Search code examples
javascriptxmldom

DOM navigation: eliminating the text nodes


I have a js script that reads and parses XML. It obtains the XML from an XMLHttpRequest request (which contacts with a php script which returns XML). The script is supposed to receive 2 or more nodes under the first parentNode. The 2 nodes it requires have the name well defined, the other ones can be any name. The output from the php may be:

<?xml version='1.0'?>
<things>
    <carpet>
        <id>1</id>
        <name>1</name>
        <desc>1.5</desc>
    </carpet>
    <carpet>
        <id>2</id>
        <name>2</name>
        <height>unknown</height>
    </carpet>
</things>

Here all carpets have 7 nodes.

but it also may be:

<?xml version='1.0'?>
<things>
    <carpet>
        <id>1</id>
        <name>1</name>
        <desc>1.5</desc>
    </carpet>
    <carpet><id>2</id><name>2</name><height>unknown</height></carpet>
</things>

Here the first carpet has 7 nodes, the 2nd carpet has 3 nodes. I want my javascript code to treat both exactly the same way in a quick and clean way. If possible, I'd like to remove all the text nodes between each tag. So a code like the one above would always be treated as:

<?xml version='1.0'?>
    <things><carpet><id>1</id><name>1</name><desc>1.5</desc></carpet><carpet><id>2</id><name>2</name><height>unknown</height></carpet></things>

Is that possible in a quick and efficient way? I'd like not to use any get function (getElementsByTagName(), getElementById, ...), if possible and if more efficient.


Solution

  • It's pretty straightforward to walk the DOM and remove the nodes you consider empty (containing only whitespace).

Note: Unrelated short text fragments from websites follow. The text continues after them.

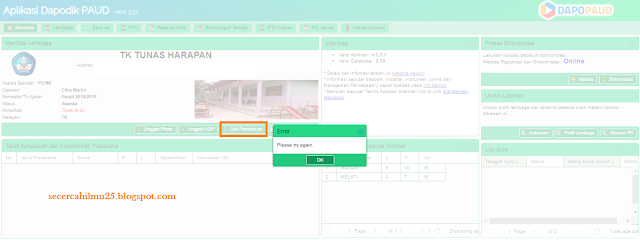 Salam semangat buat rekan OPS PAUD dan guru sekalian Kenapa Setiap Cek Pembaharuan Selalu Keluar Tulisan Please Try Again?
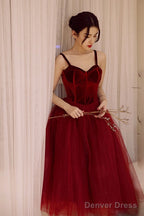 Wine Red Tea Length Velvet Top And Tulle Prom Dress, Dark Red Straps Prom Dresses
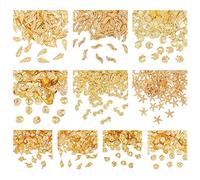 OLYCRAFT 1000pcs Seashells Nail Decoration 10-Style Alloy Epoxy Resin Supplies Mini Starfish Seahorse Resin Supplies Filling Resin Fillers Charms for Resin Jewelry Making and Nail Arts - Golden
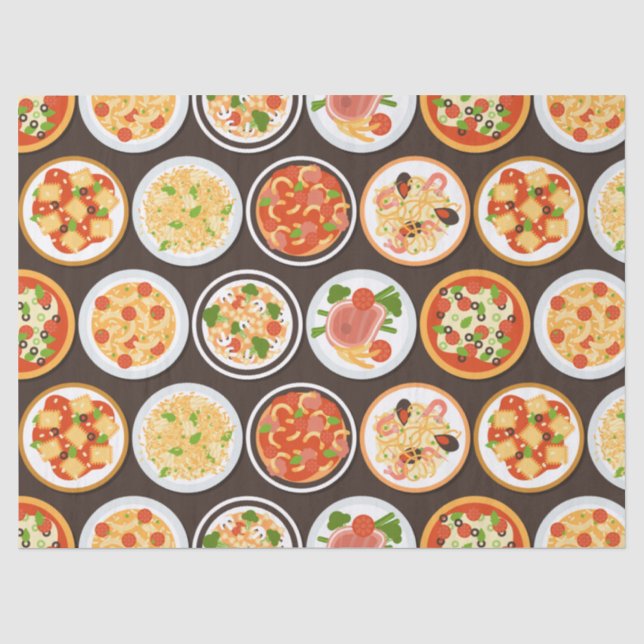 Pizza, pasta, delicious Italian food Tissue Paper (Front)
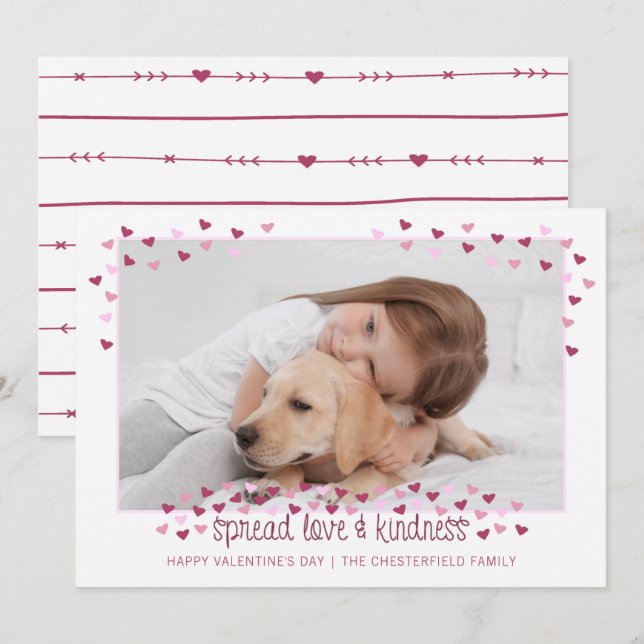 Happy Valentines Day One Photo Holiday Card (Front/Back)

    This is untested (tested and fixed, live copy here), but it would look something like this (replace those magic numbers with symbols, obviously):

    var reBlank = /^\s*$/;
    function walk(node) {
        var child, next;
        switch (node.nodeType) {
            case 3: // Text node
                if (reBlank.test(node.nodeValue)) {
                    node.parentNode.removeChild(node);
                }
                break;
            case 1: // Element node
            case 9: // Document node
                child = node.firstChild;
                while (child) {
                    next = child.nextSibling;
                    walk(child);
                    child = next;
                }
                break;
        }
    }
    walk(xmlDoc); // Where xmlDoc is your XML document instance
    

    There my definition of "blank" is anything which only has whitespace according to the JavaScript interpreter's understanding of the \s (whitespace) RegExp class. Note that some implementations have issues with \s not being inclusive enough (several Unicode "blank" characters outside the ASCII range not being matched, etc.), so be sure to test with your sample data.